MATERIAL SUPPLIED:
Segment Open

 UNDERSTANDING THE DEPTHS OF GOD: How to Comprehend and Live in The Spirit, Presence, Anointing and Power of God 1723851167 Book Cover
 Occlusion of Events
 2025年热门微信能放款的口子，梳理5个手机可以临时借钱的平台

Segment Closed
Segment Open

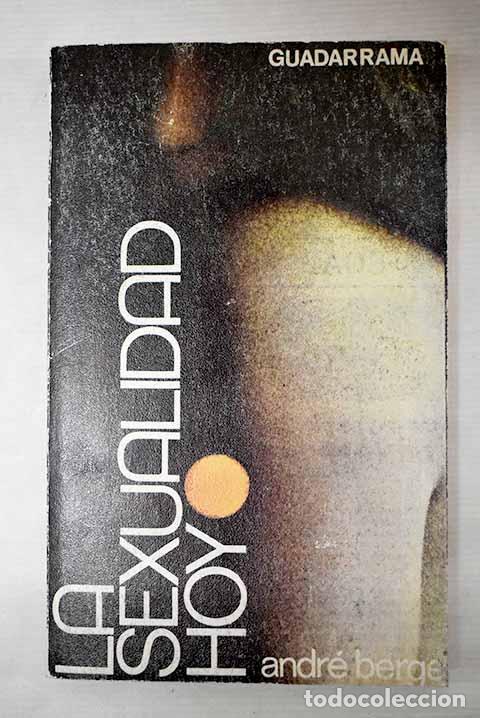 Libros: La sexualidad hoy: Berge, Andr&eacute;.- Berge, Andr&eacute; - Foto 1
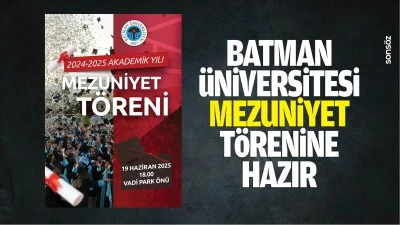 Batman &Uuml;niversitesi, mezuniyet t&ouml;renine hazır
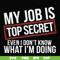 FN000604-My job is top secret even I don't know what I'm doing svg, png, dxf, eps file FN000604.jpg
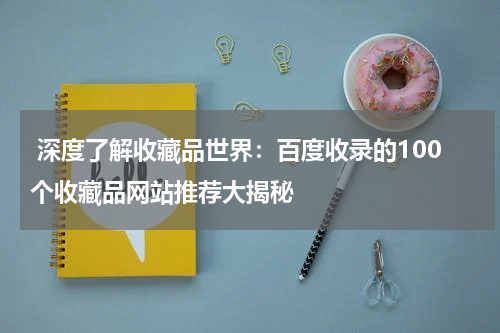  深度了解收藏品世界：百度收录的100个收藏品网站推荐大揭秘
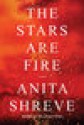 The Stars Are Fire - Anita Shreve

Segment Closed
Segment Open

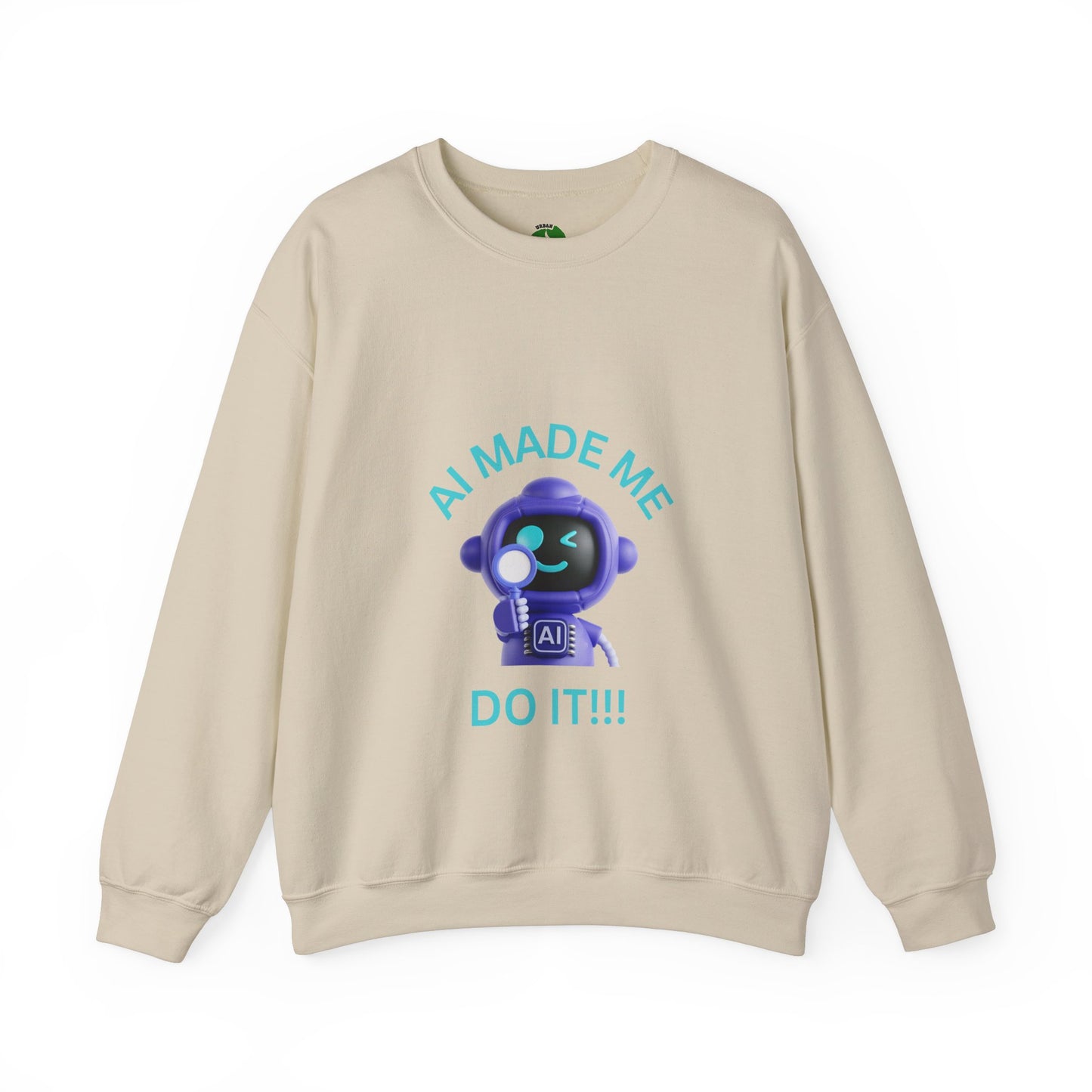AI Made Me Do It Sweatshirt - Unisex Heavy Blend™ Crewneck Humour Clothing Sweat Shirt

Segment Closed

ACTIVITY:
What are the lines, exactly as written above, from the line with "UNDERSTANDING THE DEPTHS" to the line with "2025年热门微信能放款的口子，梳理5个手机可以临时借钱的平台", both included? Output only those.

YOUR RESPONSE:
 UNDERSTANDING THE DEPTHS OF GOD: How to Comprehend and Live in The Spirit, Presence, Anointing and Power of God 1723851167 Book Cover
 Occlusion of Events
 2025年热门微信能放款的口子，梳理5个手机可以临时借钱的平台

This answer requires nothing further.